The effects look cheesy and the commentary on racism is forced, but Alien Nation has an original enough concept behind it that I found myself really enjoying this film. I wasn't a big fan of some of the hokey characteristics of the movie's alien race, but they weren't so corny as to be completely unbelievable. At it's heart, Alien Nation is more of an 80's crime drama/action flick than a sci-fi extravaganza, which is probably why it works. If you've ever seen a Lethal Weapon film you should be able to handle the dynamic between James Caan and his extraterrestrial counterpart easily enough without letting all of the slime and wacky make-up ruin the experience for you.
Hustle & Flow
Generally I'm not a big fan of Terrence Howard, nor am I a big rap aficionado, but after seeing director Craig Brewer's subsequent film Black Snake Moan and loving every moment of it I felt compelled to check out Hustle & Flow. This movie is sappy, unrealistic, and over the top in just about every single way, but I have to admit that it's a fun watch. In my opinion Terrence Howard gives the best performance of his career herein, and there are a few good performances from the likes of D.J. Qualls and Taryn Manning as well. I am living proof that you don't have to have a deep appreciation for rap music to enjoy this movie, just as you don't have to truly love the blues to have a blast watching Black Snake Moan, so my recommendation is that you give Hustle & Flow a chance the next time you can't decide what you want to rent.

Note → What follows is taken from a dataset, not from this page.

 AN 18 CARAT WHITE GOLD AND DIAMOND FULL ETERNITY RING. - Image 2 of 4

Similar to Alien Nation, Enemy Mine is about a human and an alien being who have to learn to get along. In Alien Nation these characters are partners on a futuristic police force, but here they must rely on one another to survive after they find themselves stranded on the unforgiving surface of a seemingly barren planet. The visual effects on display here have fallen victim in many instances to the time which has elapsed since it's release, but there are a few practical effects which should please any fan of 80's sci-fi or horror films. There are points during this film's running time when I got lost in the relationship between the human and the alien, which is a testament to the acting abilities of Dennis Quaid and Louis Gossett Jr., but for the most part I'm compelled to categorize this movie as cheese.

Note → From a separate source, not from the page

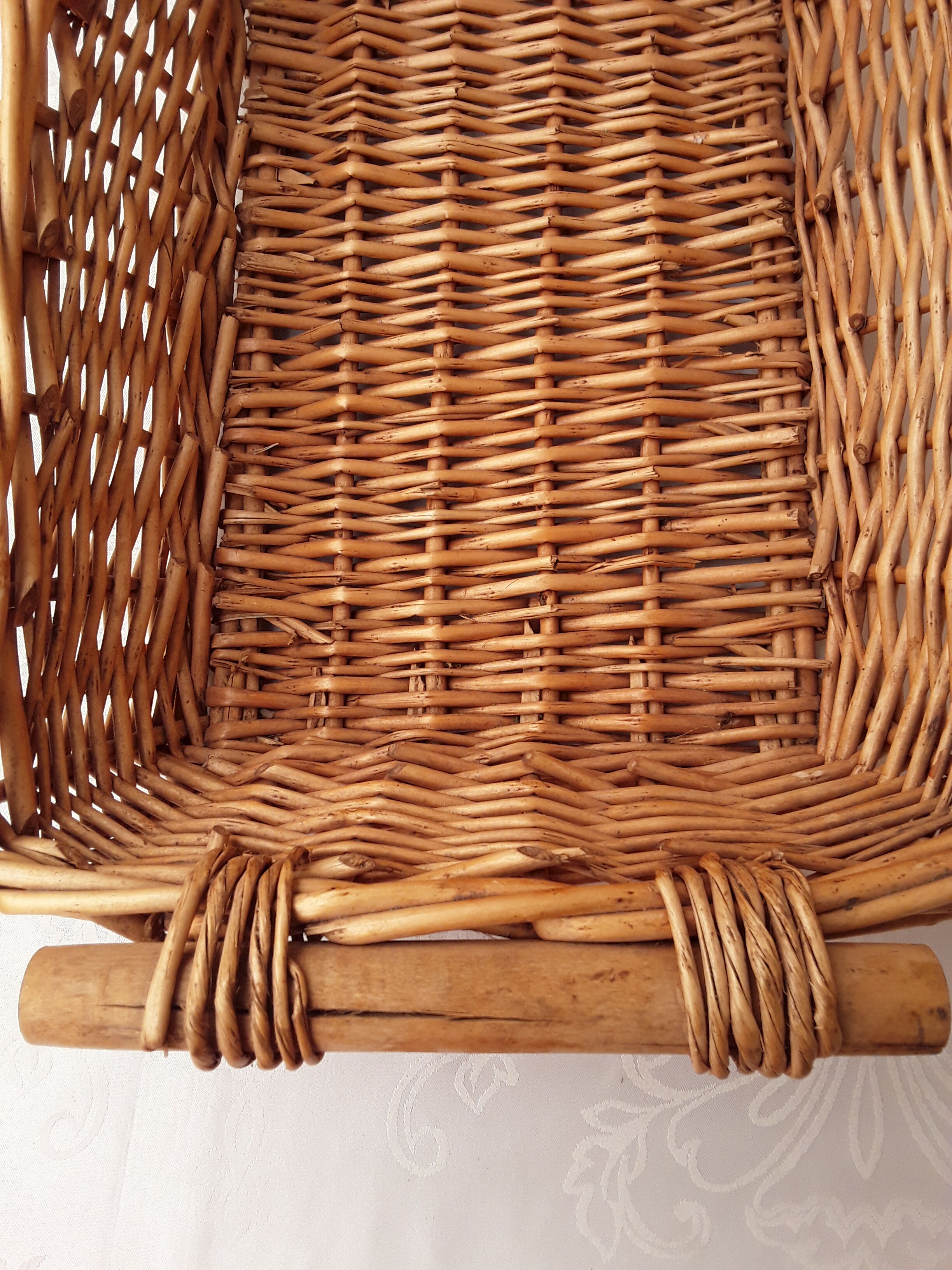 Wicker basket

The King of Kong: A Fistful of Quarters
I'm sure that I've mentioned in a previous review or two that I'm not the biggest fan of documentaries, but every now and then I see one which really speaks to me. One such film is The King Of Kong. Honestly, there just aren't enough documentaries out there about topics which I'm really interested in (or at least that's how it seems to me). The King Of Kong, however, tells the story of an everyman (Steve Wiebe) who decides to take a stab at making a name for himself by obtaining the high score in the classic arcade game Donkey Kong. As we all know, every hero needs a nemesis, and that's where Billy Mitchell comes in. Mitchell is a truly detestable human being despite his wrath being limited to something as seemingly unsubstantial as an old video game, but if Wiebe's plight isn't enough to keep your eyes glued to the screen during The King of King, then Mitchell's treachery and deception will surely do the trick.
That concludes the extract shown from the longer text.